(Supplied data):
"""

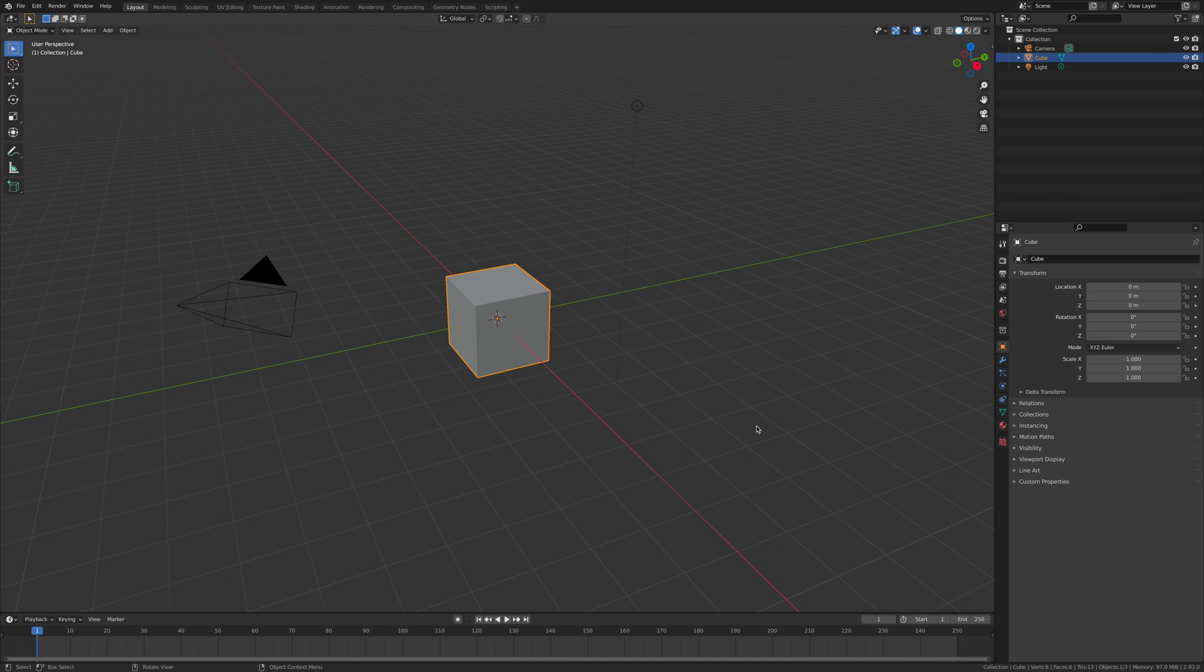Today we're gonna do another how-to. This time it's gonna be a sci-fi HUD display, so let's get into it.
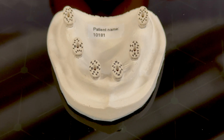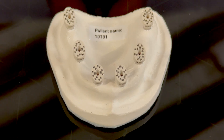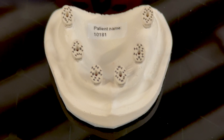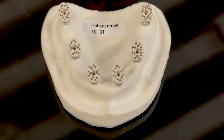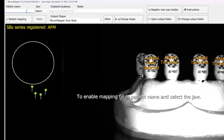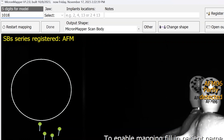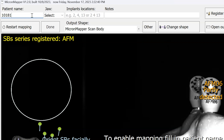You'll begin by placing six of your included scan bodies on your model. Next, locate the patient name printed on the top of your model and enter it in the patient name field of the software, along with selecting an upper jaw.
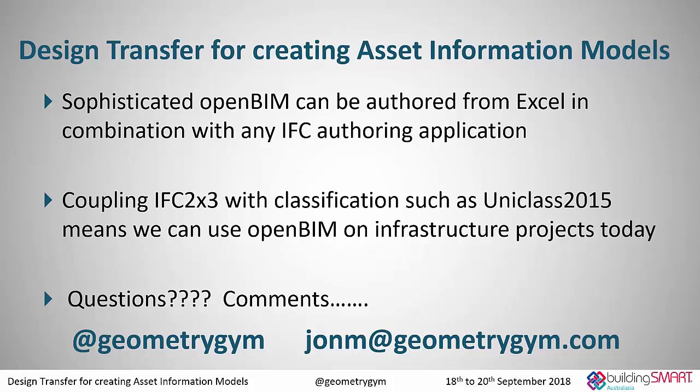Which I think could be pretty convenient and particularly helpful to the parts of industry that aren't necessarily so tech savvy. And I think the other thing that really became an eye opener with the Transport for New South Wales stuff was that if we couple IFC 2x3 with a classification such as UniClass, that means we can use IFC on infrastructure projects today. There's still some very important stuff to come in IFC 5, particularly if we want to define alignment curves and particular parts of bridges and stuff like that. But in terms of plant equipment and even highways and things like that, there is a lot that we can do today without waiting for IFC 5.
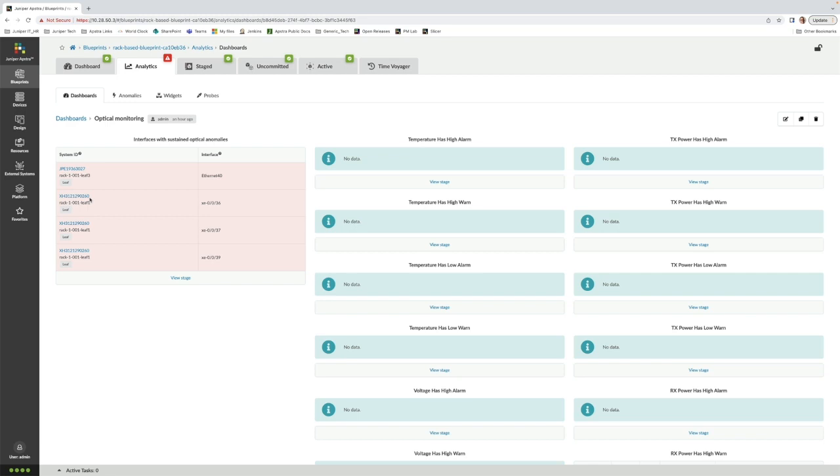In fact, Yahoo Japan experienced a scenario very much like this. They were able to use these Apstra IBA probes and custom dashboards to provide a simple way to identify these problem optics when the degradation began and act on them before they caused outages.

"""

(Task prompt): Any images must be left out; transcribe the rest of the material exactly.

(Answer section):
Today we're gonna do another how-to. This time it's gonna be a sci-fi HUD display, so let's get into it.
You'll begin by placing six of your included scan bodies on your model. Next, locate the patient name printed on the top of your model and enter it in the patient name field of the software, along with selecting an upper jaw.
Which I think could be pretty convenient and particularly helpful to the parts of industry that aren't necessarily so tech savvy. And I think the other thing that really became an eye opener with the Transport for New South Wales stuff was that if we couple IFC 2x3 with a classification such as UniClass, that means we can use IFC on infrastructure projects today. There's still some very important stuff to come in IFC 5, particularly if we want to define alignment curves and particular parts of bridges and stuff like that. But in terms of plant equipment and even highways and things like that, there is a lot that we can do today without waiting for IFC 5.
In fact, Yahoo Japan experienced a scenario very much like this. They were able to use these Apstra IBA probes and custom dashboards to provide a simple way to identify these problem optics when the degradation began and act on them before they caused outages.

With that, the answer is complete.